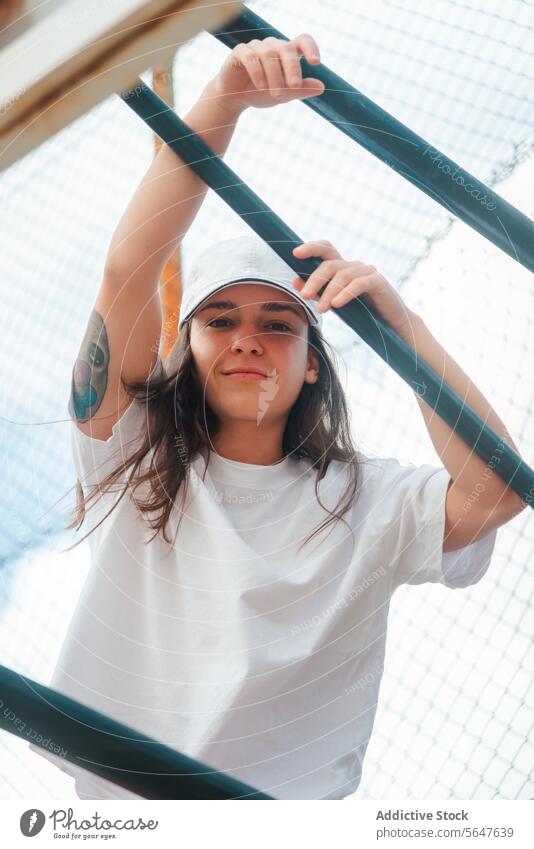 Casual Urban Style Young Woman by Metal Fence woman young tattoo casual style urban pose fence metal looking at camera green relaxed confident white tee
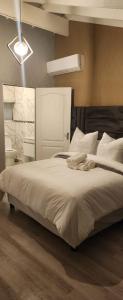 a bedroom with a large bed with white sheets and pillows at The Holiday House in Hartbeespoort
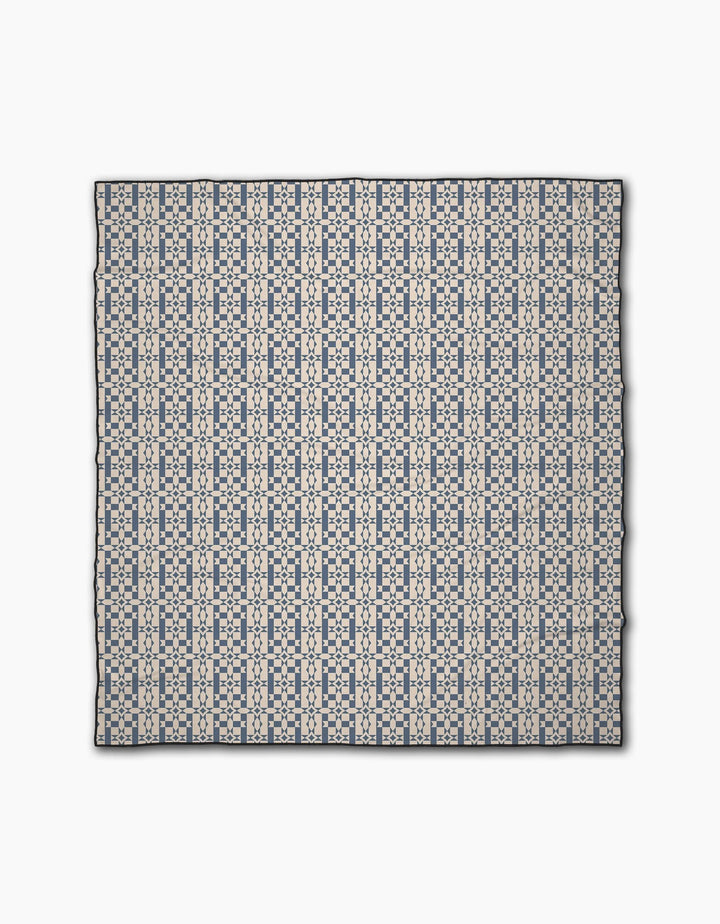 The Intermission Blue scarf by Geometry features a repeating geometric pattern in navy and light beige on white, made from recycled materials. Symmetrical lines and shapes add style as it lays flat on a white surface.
·····
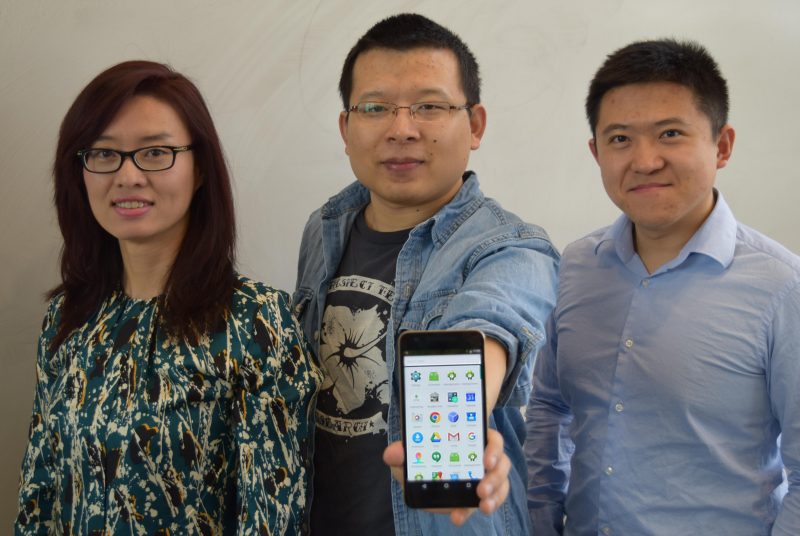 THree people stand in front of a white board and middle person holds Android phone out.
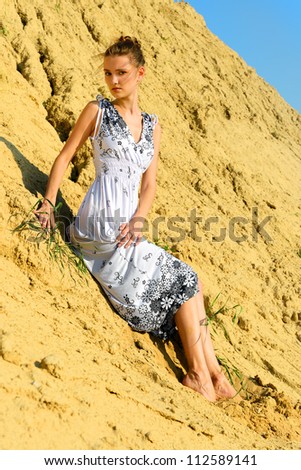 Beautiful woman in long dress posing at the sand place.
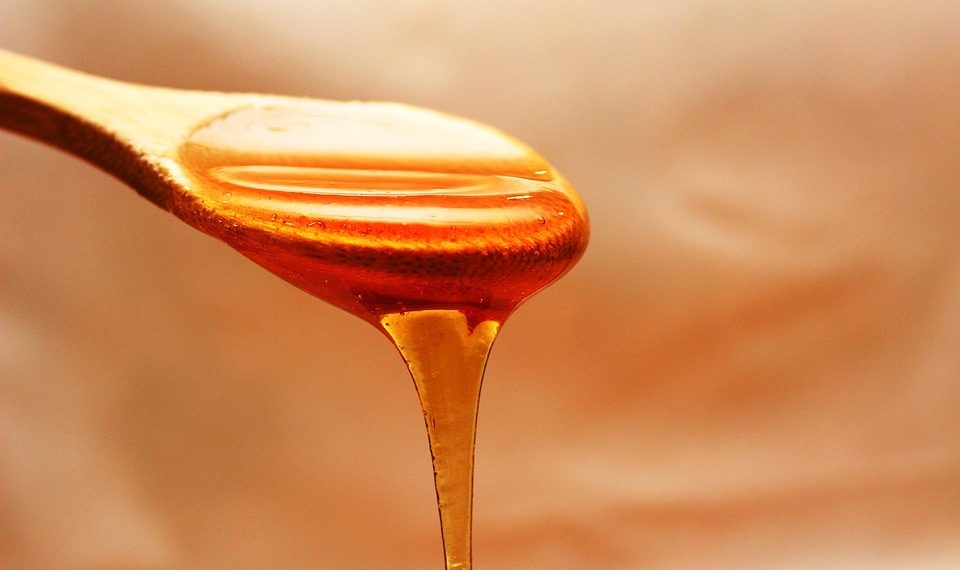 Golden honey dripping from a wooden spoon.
·····
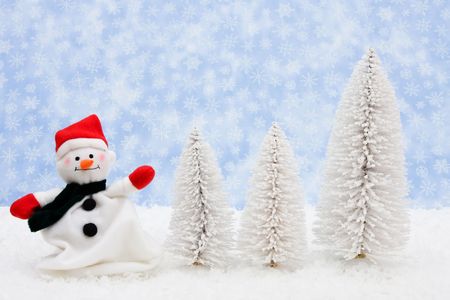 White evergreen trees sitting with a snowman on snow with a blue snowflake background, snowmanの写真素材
·····
■ PROBLEM DETAILS:
The reply should hold the entries above from the line with "THree people stand" to the line with "Golden honey dripping from a wooden spoon.", duplicated exactly, pictures excluded.

■ EXERCISE RESPONSE:
 THree people stand in front of a white board and middle person holds Android phone out.
 Beautiful woman in long dress posing at the sand place.
 Golden honey dripping from a wooden spoon.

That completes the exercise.